### Work to complete
Beginning with the line that contains "Curtain 140 x", reproduce every line through the end of the records below exactly, and leave the pictures out.

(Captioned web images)

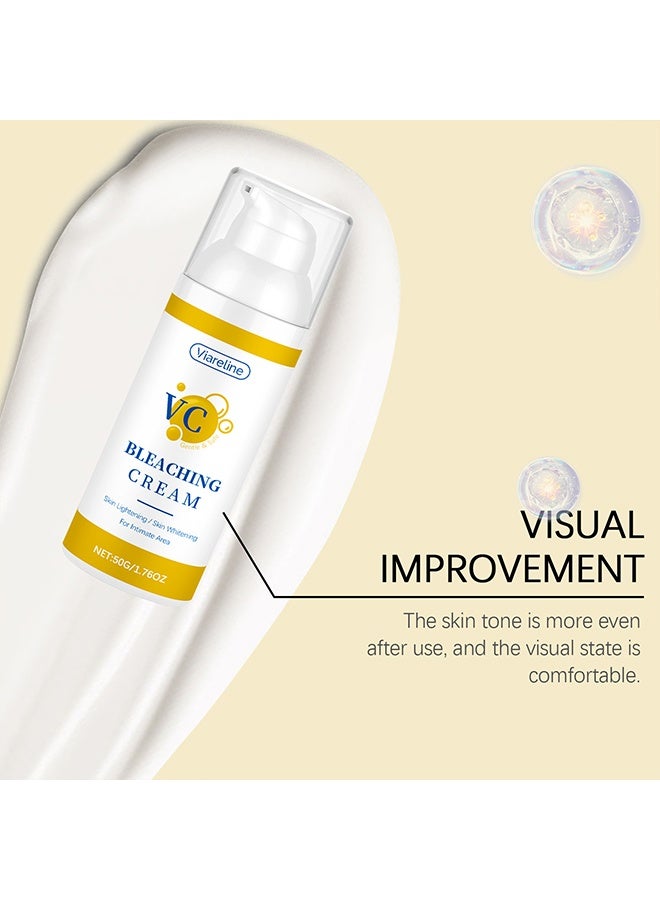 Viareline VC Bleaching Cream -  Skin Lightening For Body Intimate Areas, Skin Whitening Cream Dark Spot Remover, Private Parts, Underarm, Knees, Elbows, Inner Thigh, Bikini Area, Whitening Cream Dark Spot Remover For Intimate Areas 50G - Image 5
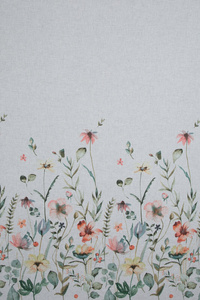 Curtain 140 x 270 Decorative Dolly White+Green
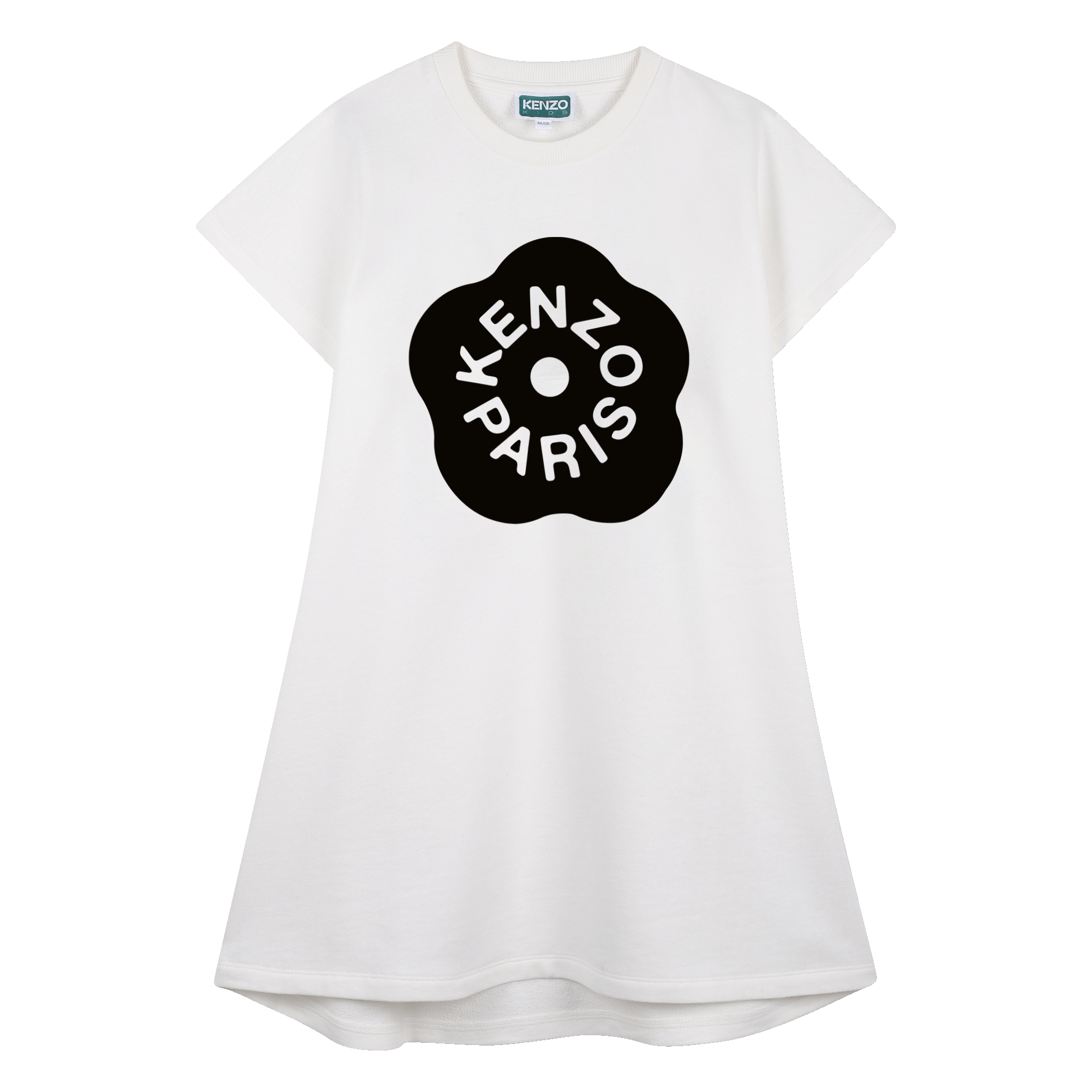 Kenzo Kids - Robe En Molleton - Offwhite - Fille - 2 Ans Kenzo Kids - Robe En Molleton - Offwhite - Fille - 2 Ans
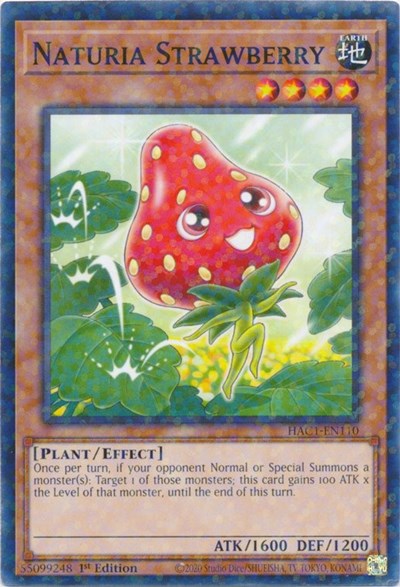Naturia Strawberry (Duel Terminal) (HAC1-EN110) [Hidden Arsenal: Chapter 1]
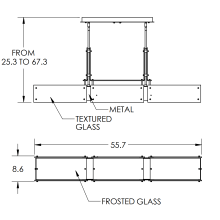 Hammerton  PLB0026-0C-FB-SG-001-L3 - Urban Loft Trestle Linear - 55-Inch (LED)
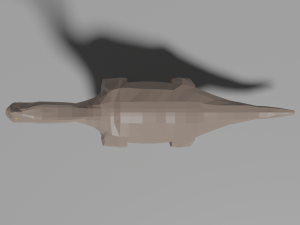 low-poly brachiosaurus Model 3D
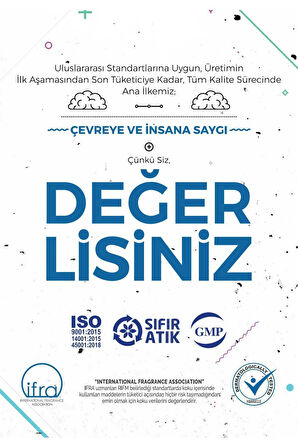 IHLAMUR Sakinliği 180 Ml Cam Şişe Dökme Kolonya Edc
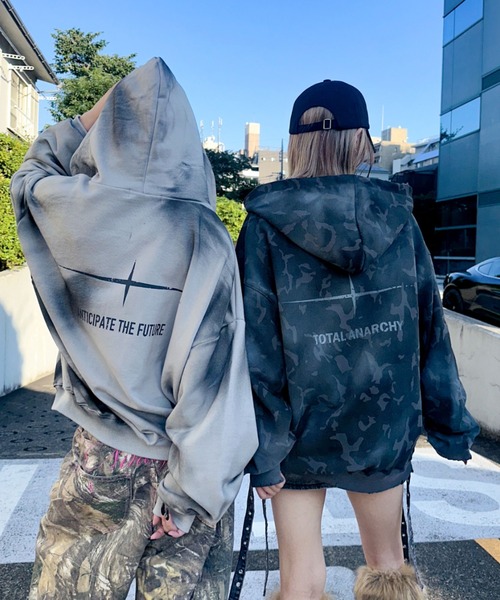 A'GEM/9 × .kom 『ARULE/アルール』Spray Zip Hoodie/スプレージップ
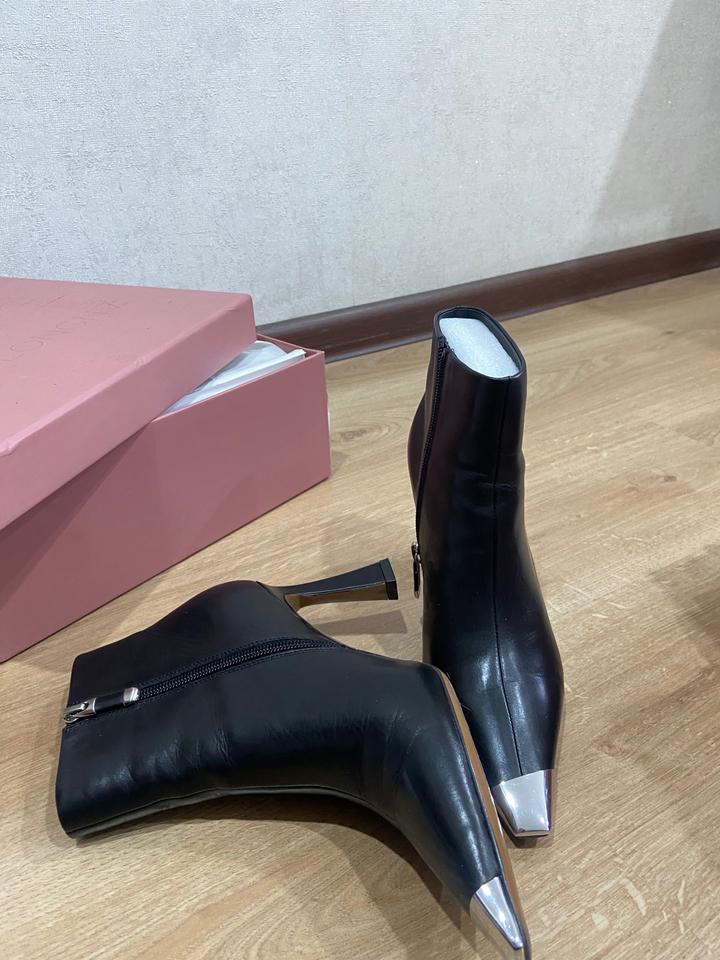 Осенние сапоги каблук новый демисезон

### Reply to the exercise
 Curtain 140 x 270 Decorative Dolly White+Green
 Kenzo Kids - Robe En Molleton - Offwhite - Fille - 2 Ans Kenzo Kids - Robe En Molleton - Offwhite - Fille - 2 Ans
Naturia Strawberry (Duel Terminal) (HAC1-EN110) [Hidden Arsenal: Chapter 1]
 Hammerton  PLB0026-0C-FB-SG-001-L3 - Urban Loft Trestle Linear - 55-Inch (LED)
 low-poly brachiosaurus Model 3D
 IHLAMUR Sakinliği 180 Ml Cam Şişe Dökme Kolonya Edc
 A'GEM/9 × .kom 『ARULE/アルール』Spray Zip Hoodie/スプレージップ
 Осенние сапоги каблук новый демисезон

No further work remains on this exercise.